Cooking: Stove made out of a Pepsi can: free. Pot -- a 29-oz. tomato can: free. Windscreen -- aluminum foil: essentially free. Pot lid: made from bottom of a disposable pie pan, with a soda-can pull-top wired on for a handle: free. Pot handle: dog-shedder tool, $5.98 when I bought it for the dog a couple years ago, free when I appropriated it for a handle. It weighs almost 4 oz. but I love it so much I'm keeping it anyway. Fuel -- denatured acohol, costs about $5 for a quart at Wal-Mart, one ounce boils a pint of water. Fuel container: cough-syrup bottle, won't be mistaken for a water bottle (as the often-used soda bottle can be), has graduations on the side for measuring, free for the asking at the Wal-Mart pharmacy counter. Lighter: Bic-Flick, $1; backup, wooden matches ($1 for 250, only take a few) or book matches (free.) For storage/carrying, everything but the fuel packs into the pot/can.

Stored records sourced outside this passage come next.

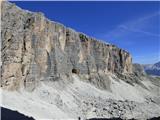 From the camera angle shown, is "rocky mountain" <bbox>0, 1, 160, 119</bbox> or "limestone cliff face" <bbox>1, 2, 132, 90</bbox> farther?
"limestone cliff face" <bbox>1, 2, 132, 90</bbox>

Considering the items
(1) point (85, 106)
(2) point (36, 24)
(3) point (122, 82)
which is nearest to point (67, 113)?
(1) point (85, 106)

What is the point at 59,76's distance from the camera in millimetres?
74312

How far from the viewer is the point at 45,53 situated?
70812 millimetres

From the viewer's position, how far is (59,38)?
79.5 metres

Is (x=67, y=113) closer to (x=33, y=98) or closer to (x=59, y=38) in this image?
(x=33, y=98)

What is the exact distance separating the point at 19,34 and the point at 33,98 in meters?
10.2

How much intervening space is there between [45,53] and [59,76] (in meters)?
6.41

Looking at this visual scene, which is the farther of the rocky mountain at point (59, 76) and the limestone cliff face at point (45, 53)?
the limestone cliff face at point (45, 53)

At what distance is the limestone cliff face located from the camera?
52.7 meters

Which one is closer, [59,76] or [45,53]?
[45,53]

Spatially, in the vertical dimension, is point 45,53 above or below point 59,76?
above

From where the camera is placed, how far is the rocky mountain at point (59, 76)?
168ft

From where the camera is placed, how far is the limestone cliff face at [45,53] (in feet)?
173

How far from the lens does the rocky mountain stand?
168 ft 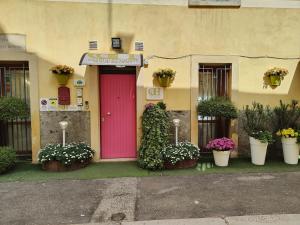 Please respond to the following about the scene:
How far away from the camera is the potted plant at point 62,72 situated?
598 cm

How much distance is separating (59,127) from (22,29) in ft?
8.04

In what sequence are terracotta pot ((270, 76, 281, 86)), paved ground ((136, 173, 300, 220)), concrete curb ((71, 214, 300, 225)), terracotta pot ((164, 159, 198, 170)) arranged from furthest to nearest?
1. terracotta pot ((270, 76, 281, 86))
2. terracotta pot ((164, 159, 198, 170))
3. paved ground ((136, 173, 300, 220))
4. concrete curb ((71, 214, 300, 225))

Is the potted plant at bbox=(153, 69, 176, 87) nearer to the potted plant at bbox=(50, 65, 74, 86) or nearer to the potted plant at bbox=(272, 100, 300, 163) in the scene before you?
the potted plant at bbox=(50, 65, 74, 86)

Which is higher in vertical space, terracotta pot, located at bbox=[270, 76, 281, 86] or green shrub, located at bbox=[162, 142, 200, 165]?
terracotta pot, located at bbox=[270, 76, 281, 86]

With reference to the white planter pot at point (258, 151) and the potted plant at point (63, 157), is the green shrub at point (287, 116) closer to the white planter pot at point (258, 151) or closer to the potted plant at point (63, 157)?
the white planter pot at point (258, 151)

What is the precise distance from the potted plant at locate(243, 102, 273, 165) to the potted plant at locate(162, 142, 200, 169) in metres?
1.37

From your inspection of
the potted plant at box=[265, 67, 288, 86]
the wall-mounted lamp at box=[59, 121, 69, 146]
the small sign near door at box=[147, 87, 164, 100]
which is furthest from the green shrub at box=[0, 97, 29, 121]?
the potted plant at box=[265, 67, 288, 86]

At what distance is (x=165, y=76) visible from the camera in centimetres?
622

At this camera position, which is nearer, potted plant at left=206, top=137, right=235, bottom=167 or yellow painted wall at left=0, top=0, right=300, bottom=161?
potted plant at left=206, top=137, right=235, bottom=167

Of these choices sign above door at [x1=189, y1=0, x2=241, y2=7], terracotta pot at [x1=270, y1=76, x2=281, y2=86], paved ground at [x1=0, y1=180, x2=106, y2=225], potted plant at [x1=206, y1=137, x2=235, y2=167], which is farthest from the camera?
terracotta pot at [x1=270, y1=76, x2=281, y2=86]

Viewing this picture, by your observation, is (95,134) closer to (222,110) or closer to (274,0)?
(222,110)

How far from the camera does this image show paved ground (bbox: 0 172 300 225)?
3.72 m

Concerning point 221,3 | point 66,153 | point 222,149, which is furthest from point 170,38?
point 66,153

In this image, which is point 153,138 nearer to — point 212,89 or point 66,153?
point 66,153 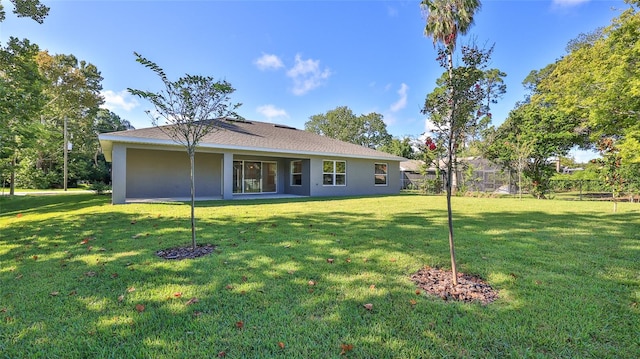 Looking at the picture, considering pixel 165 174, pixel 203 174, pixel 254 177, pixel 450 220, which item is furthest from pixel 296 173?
pixel 450 220

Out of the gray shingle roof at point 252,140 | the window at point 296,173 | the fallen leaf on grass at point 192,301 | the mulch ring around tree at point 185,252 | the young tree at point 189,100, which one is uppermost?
the gray shingle roof at point 252,140

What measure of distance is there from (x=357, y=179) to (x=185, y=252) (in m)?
13.7

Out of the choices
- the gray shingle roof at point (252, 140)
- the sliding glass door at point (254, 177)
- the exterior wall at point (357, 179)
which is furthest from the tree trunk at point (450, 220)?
the sliding glass door at point (254, 177)

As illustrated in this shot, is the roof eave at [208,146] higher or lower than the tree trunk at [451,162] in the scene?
higher

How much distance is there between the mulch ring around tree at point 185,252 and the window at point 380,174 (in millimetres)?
14697

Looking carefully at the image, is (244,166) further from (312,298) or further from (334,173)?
(312,298)

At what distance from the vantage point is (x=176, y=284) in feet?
10.7

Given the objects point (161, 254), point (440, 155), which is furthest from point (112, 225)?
point (440, 155)

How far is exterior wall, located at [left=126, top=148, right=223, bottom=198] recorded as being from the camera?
13.6 meters

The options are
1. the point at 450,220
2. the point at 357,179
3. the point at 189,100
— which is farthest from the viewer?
the point at 357,179

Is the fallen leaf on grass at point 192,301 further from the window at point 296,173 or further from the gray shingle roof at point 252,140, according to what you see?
the window at point 296,173

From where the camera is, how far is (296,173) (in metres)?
16.8

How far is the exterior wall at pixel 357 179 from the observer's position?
15836mm

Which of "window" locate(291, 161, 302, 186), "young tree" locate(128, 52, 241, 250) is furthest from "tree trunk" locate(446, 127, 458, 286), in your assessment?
"window" locate(291, 161, 302, 186)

Clothing: I did spring for honest rain gear. Marmot Precip top ($99) and pants ($70), waterproof, windproof, breathable. They don't have to be saved for rain, can be used just as warm outer layer if needed. Shorts: my Race-Ready running shorts with built-in underwear and pockets. Cost $30 but I had them already. I also already have ($40) a pair of nylon zip-off convertable long/short hiking pants. Long-johns: My mid-weight running tights. Wicking T-shirt: Free (except for registration) from Vermont City Marathon. Wicking long-sleeved shirt: Free (except for registration) from P.T. Cruiser Triple Challenge at Tampa/Gasparilla Marathon 2005. Long-sleeved fleece top: Free, hand-me-down from a friend. Gloves: Already have, 2 prs./$1.50 at Wal-Mart a few years ago. Hats: My Ironman Florida finisher's hat; nothing I got at that race could be called "free" because I worked my g.d. ass off for it, plus the $450 registration fee. But I didn't buy it extra for hiking, anyway. I have a cold-weather knit hat already but may make a lighter, less-bulky one out of some fleece fabric I already have. Free.

Shelter: I sprung for one here, too. Urethane-coated ripstop nylon 8 X 10 tarp, not a tent, but it can be rigged into a tent using my hiking poles and/or a tree or two. I'm going for tarp vs. tent b/c of the many ways a tarp can be configured, vs. the only-way-this works for a tent. $36.

Tent stakes: Aluminum gutter spikes, 30 cents each from the hardware store. A dozen weigh 4 oz. A dozen titanium tent stakes.... well, not sure how much this would set me back, but definitely more than $4 for a dozen. More like $4 apiece, $48 for a dozen.

Ground cloth: a hunk of Tyvek scored from someone who was building a house on a road where I went biking. Ask and you shall receive. Free.

Sleeping bag: Currently a synthetic 40*F bag that Steve got several years ago for a biking trip. Free. Warm enough for colder temps if I wear all my clothes inside it. Or use the fleece liner I made for about $12 (a silk one costs over $50, as does a sil-nylon one.)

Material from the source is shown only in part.